If perfusion seems compromised, administer 20 ml/kg of normal saline as an intravenous bolus over 15 minutes. Infants who have respiratory distress should have an orogastric tube and need ventilatory support.

If a ductal-dependant congenital heart disease is suspected (e.g., pulmonary atresia with or without VSD, tricuspid atresia, Hypoplastic left heart syndrome [HLHS], interrupted aortic arch, severe Coarctation), it is advisable to start prostaglandin E-1 infusion at a rate of 0.05 mcg/kg/min. The starting dose is 0.05 to 0.1 mcg/kg per minute, administered in a continuous intravenous drip. Three common side effects of intravenous infusion of prostaglandin E 1 are apnea (12%), fever (14%), and flushing (10%). Antibiotic therapy for sepsis if suspected is initiated.
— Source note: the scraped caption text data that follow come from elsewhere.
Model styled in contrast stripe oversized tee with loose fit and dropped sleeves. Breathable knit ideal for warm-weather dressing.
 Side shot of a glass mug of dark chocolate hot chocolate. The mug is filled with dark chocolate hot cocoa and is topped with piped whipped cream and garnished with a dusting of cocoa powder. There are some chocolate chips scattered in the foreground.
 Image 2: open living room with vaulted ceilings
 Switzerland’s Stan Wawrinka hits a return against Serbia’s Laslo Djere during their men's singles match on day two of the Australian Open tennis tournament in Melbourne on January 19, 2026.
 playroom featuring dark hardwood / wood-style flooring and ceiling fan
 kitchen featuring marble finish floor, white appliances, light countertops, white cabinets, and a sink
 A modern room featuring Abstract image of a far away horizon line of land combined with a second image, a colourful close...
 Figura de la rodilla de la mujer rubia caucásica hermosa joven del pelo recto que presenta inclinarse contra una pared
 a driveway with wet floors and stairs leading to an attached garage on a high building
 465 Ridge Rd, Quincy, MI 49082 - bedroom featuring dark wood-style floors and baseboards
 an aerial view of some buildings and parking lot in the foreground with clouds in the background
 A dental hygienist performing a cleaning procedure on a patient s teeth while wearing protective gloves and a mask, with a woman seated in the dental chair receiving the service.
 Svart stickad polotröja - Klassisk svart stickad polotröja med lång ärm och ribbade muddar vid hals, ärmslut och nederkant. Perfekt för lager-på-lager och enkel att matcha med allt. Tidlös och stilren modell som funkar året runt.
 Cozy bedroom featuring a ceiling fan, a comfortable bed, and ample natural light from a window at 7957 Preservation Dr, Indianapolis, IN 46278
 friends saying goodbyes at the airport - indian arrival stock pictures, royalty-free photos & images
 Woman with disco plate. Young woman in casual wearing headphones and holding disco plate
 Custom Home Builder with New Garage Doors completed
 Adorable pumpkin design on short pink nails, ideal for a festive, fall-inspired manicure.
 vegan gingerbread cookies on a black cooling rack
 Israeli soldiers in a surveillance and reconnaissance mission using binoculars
A systematic approach to the diagnosis, starting with the history, physical examination, work-up (including chest radiograph, EKG, echocardiogram, hyperoxia test) and laboratory tests including blood glucose, calcium, CBC, and septic work-up as indicated, is required.

Management is based on clinical diagnosis and requires initial stabilization, assuring hemodynamic stability, oxygen administration, and either referral to a neonatal intensive care unit or continued care in a Level II nursery.

Prognosis depends on the diagnosis, but is generally good with prompt recognition and intervention. Key message:
  • Early detection of cyanosis in a newborn is crucial and oxygen should be started even before analyzing the cause.
  • With improved technology, neonatal ventilation and good supportive care outcome of babies with cyanosis and respiratory distress has improved.
  • PGE1 should be started in duct-dependent cyanotic congenital heart lesions.
  • Cyanosis with normal or higher PaO2 is seen in Methemoglobinemia. The pulse oximetry may be higher than the true level of oxyhemoglobin.